Biblical Views: Priscilla—An Extraordinary Early Christian Life

By Ben Witherington III

More than 40 years ago, my wife and I moved to Durham, England, for me to do my doctoral thesis on women in the New Testament. Usually doctoral theses get someone a degree and then are quickly buried in some back room of a library. In my case, the opposite happened, and it led to three books on women in the New Testament for Cambridge University Press, one of which became their best-selling scholarly New Testament monograph ever.1 A significant portion of those books was devoted to Paul’s female coworkers—Phoebe, Junia, Mary, and others, but clearly the most frequently mentioned one in the New Testament is Priscilla.
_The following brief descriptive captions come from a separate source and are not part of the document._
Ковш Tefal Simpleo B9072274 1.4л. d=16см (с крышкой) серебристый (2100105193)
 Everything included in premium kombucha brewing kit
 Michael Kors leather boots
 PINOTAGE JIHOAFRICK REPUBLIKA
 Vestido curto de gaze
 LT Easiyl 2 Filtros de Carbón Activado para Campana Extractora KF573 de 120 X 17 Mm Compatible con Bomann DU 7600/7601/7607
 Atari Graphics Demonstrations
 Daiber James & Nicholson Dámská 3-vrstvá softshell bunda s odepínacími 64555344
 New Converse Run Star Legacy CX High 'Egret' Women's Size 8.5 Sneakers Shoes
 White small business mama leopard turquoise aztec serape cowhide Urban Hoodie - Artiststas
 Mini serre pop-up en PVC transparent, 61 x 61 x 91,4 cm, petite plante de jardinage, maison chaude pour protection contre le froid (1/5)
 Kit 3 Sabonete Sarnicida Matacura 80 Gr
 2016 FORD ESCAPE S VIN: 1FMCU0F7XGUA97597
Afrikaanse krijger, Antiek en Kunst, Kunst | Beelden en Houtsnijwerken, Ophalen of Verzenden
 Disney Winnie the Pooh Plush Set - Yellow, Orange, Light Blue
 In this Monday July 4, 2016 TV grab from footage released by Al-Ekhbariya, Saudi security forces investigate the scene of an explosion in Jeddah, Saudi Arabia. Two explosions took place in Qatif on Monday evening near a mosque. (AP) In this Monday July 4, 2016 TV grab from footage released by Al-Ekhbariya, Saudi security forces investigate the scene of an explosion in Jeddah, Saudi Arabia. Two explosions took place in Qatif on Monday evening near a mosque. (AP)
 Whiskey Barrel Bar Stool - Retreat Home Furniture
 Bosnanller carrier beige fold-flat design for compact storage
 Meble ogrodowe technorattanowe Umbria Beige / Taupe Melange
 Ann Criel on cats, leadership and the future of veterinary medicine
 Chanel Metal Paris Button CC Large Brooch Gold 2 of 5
We find her in Corinth, Ephesus, and Rome working for and with Paul and with her husband, Aquila.

Why? Why such prominence?

Let’s start with her name: Priscilla, or the shortened form, Prisca. This is a famous Roman name, after which a catacomb in Rome is even named. I suspect the Priscilla in the New Testament had some connection with the Priscilla gens (“clan”), but we also know she was a Jewess who had a trade with her husband. They were expelled from Rome in the 40s C.E. presumably because of their witnessing about Jesus in Jewish circles and causing some turmoil (see Acts 18).